> [WHAT THIS TASK INVOLVES] Exactly the lines from the one containing "Chocolate Brown Midi" through the end of the listing must make up the answer, with no pictures included.

----- DATASET RECORDS

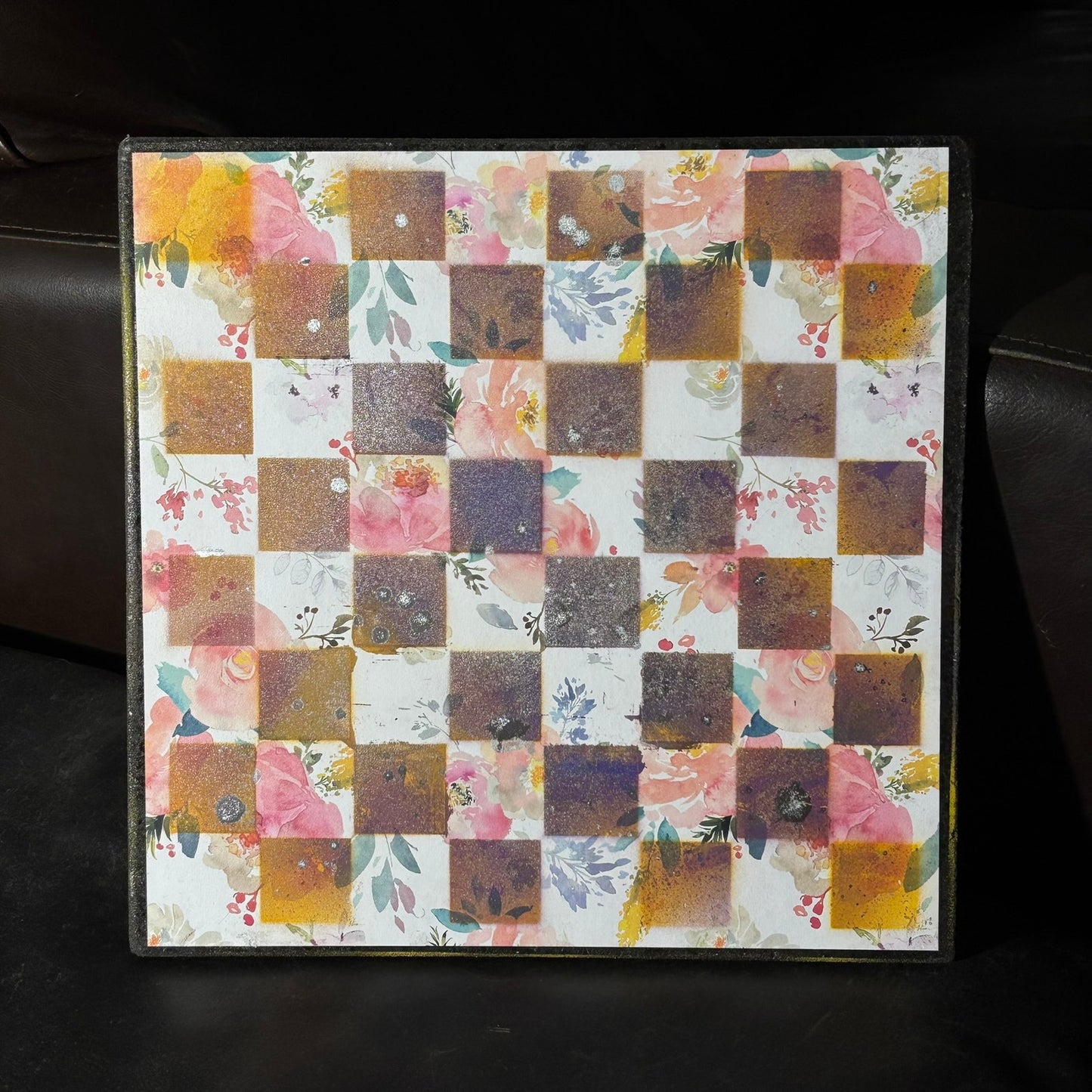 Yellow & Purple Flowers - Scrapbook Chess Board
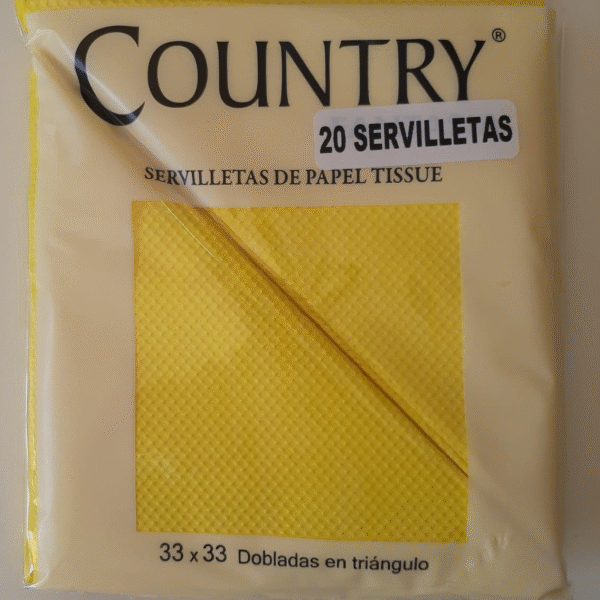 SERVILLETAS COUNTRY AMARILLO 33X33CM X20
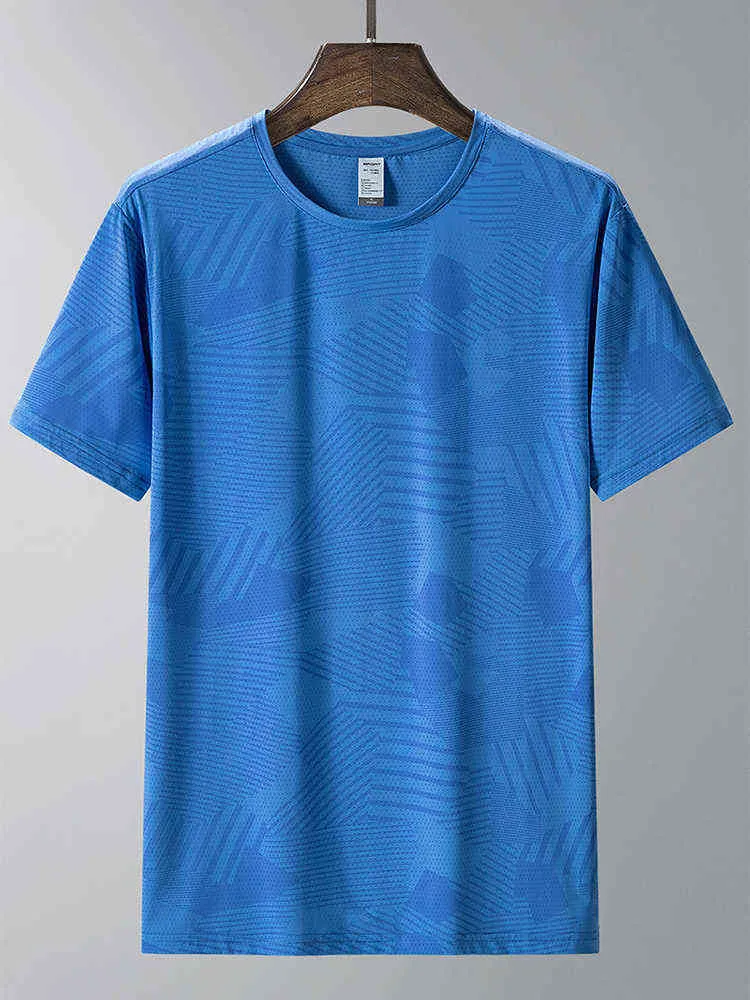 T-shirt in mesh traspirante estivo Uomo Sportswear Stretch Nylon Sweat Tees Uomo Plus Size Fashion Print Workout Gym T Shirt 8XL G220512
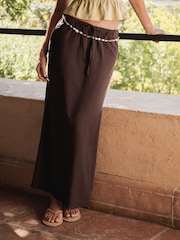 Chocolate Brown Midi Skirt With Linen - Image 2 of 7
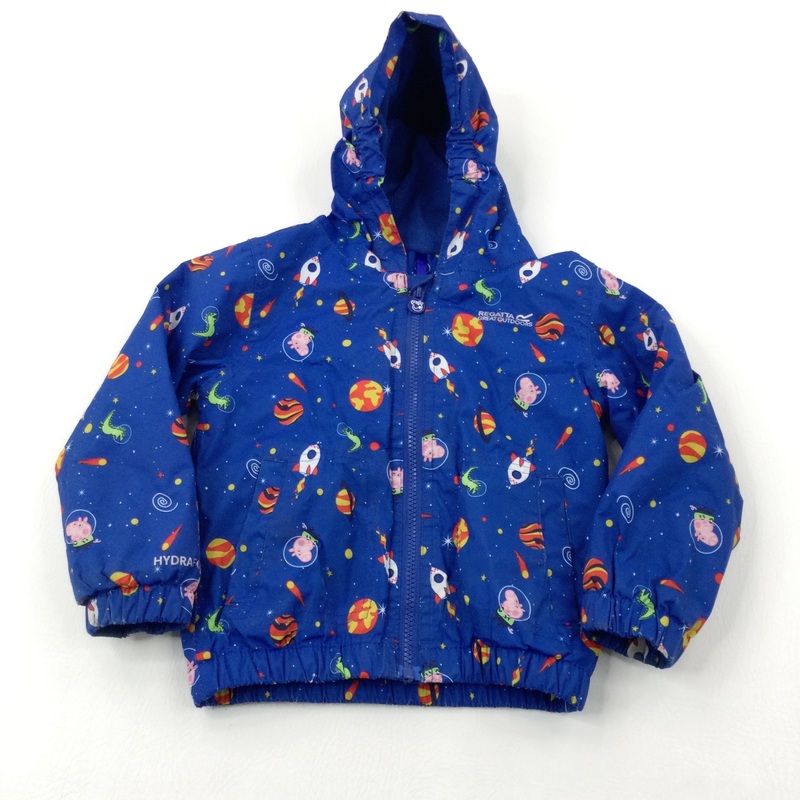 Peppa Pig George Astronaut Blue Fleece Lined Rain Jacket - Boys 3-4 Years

----------

> [TASK SOLUTION]
 Chocolate Brown Midi Skirt With Linen - Image 2 of 7
 Peppa Pig George Astronaut Blue Fleece Lined Rain Jacket - Boys 3-4 Years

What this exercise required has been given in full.